It’s just unbelievable. Public service broadcasting has gotten into crisis talk all over the country, nationally and internationally. And then that: international teletext artists from Bloom Jr. (Germany), Buzzlightning (Germany) to Juha van Ingen (Finland) to Nissla (Austria) and sp4ce (Germany) will show their skills until September 21st.
Under the title “Teletext ist Kunst” there is an on-air exhibition from page 830 of the offer of “Das Erste”, as the broadcaster announced.
So contribution money for art. Is that good or if so – can it go away? 15 international artists have taken up the challenge of creating art with just six colors plus black and white, as they say. This happens in a grid of 78 by 69 pixels using specially made teletext software.
The bandwidth of the different artistic approaches and implementations ranges from monochrome images to figurative representations to abstract works of art that sometimes look like paintings.
The starting point has always been the same: how can you create an image, send a message, convey an emotion when there are so few colors and so few pixels to fit on the digital canvas? That doesn’t really work – and that’s why it’s all the more fascinating if it does work.

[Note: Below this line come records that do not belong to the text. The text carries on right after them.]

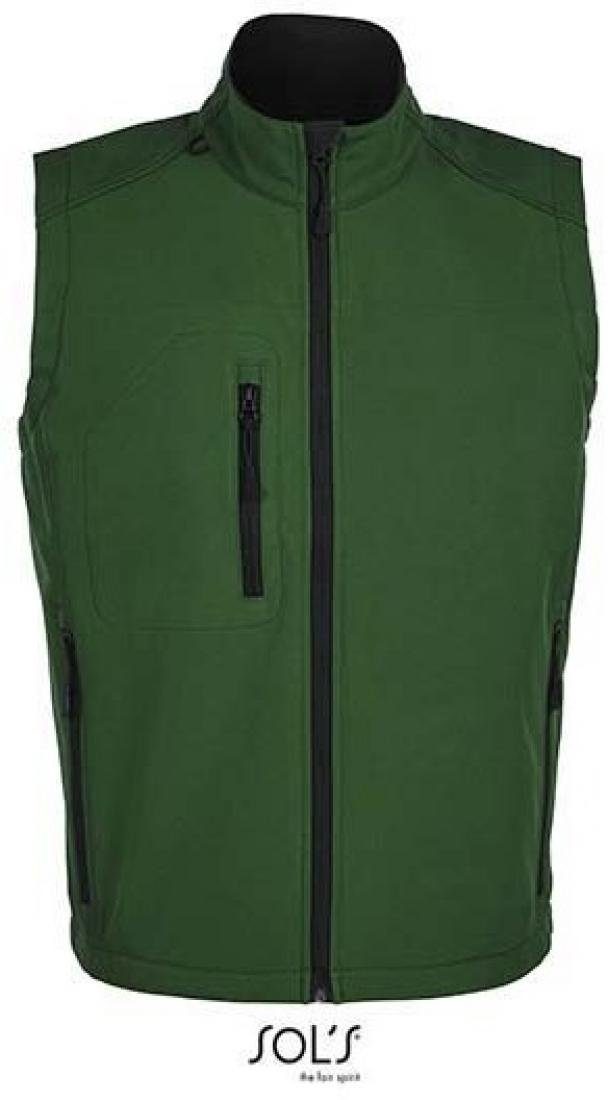 SOLS Funktionsweste Mens Sleeveless Softshell Rallye günstig online kaufen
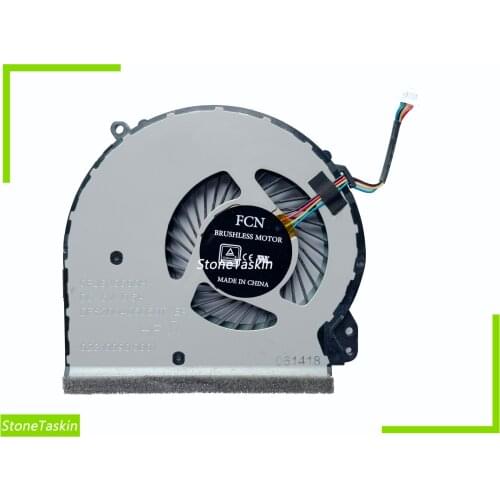 For HP 17-X 17-BS 17-Y 17-AK 17-AK000 17-AK010NR 17-AK061NR TPN-M121 TPN-W129 Cooling Fan 926724-001 test free shipping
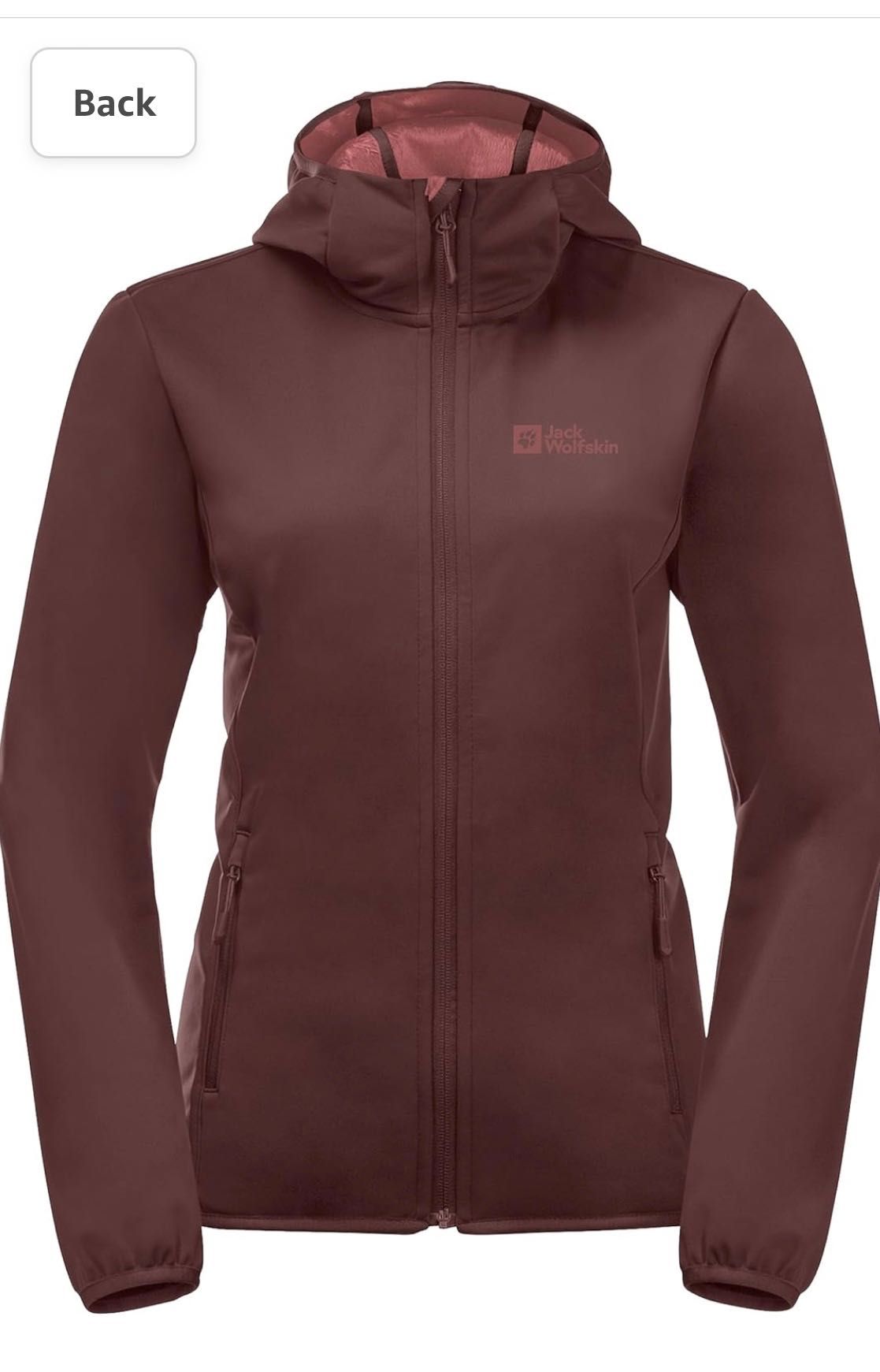 Куртка softshell Jack Wolfskin розмір М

A total of 67 works fill a pixelated gallery, they create something big, they celebrate imagination and creativity with very few means and in very little space and thus and there where there is actually nothing to celebrate. A media product cannot be more sober than the completely information-oriented teletext.
Teletext was launched by the BBC in 1974, ORF and ARD launched their teletext offerings in 1980; technically there have been hardly any changes since then. A teletext page is a grid of 24 rows and 40 columns. Each grid part can be used for a letter, number, special character, control character or up to six graphic pixels. And there are only six colors, black and white.

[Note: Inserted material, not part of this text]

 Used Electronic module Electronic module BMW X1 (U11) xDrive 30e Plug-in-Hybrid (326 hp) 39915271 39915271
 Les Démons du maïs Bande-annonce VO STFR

Depressing, isn’t it? No, the ongoing success shows how a medium can survive and survive all times, developments and innovations. Test images and transmission breaks may have been abolished once and for all in current television, but teletext has not.
The success of the medium, which has also been successful on the Internet and as an app for many years, is due, among other things, to its ease of use, the high degree of technical dissemination and, of course, its up-to-date content. The latest information is offered in a very concise, very understandable and very accurate manner.
Anyone can grab their cell phone or laptop while watching TV, of course, but with the remote control the teletext is immediately “paged through”, the right page is selected – and the content is displayed on such a large screen that even weakened eyes don’t have to guess for long. whatever letters are combined into words and thus into easily readable information.
More than ten million people use teletext every day in Germany alone. An impressive number.
Such success should make one cautious, cautious about whether such an old medium should not be abolished. That’s exactly what the regional broadcaster Omroep West in The Hague wanted. Editor-in-chief Henk Ruijl had announced that the channel with news, sports and weather reports, which is probably no longer used by many people, would be discontinued and the editors would be given more breathing space for the rest of their work.
A wave of protests ensued. More than 1,000 viewers contacted the regional public television station by email, phone or letter, asking them to keep the teletext that was important to them.
Among them were also viewers who had reported on behalf of neighbors or parents, and the tip came from prisons that the teletext is read there, said the editor-in-chief.
For a number of people, teletext represents an important link to the outside world, and for the broadcaster it is the only offer whose use cannot be measured. “You have convinced us,” said the broadcaster in the Netherlands, even in times of apps, the Internet and Tiktok, Omroep West will now keep teletext – and even expand the offer.
In Germany, the reactions would hardly be different. Teletext is money well invested and “Teletext is art” is the appropriate quod-erat demonstration.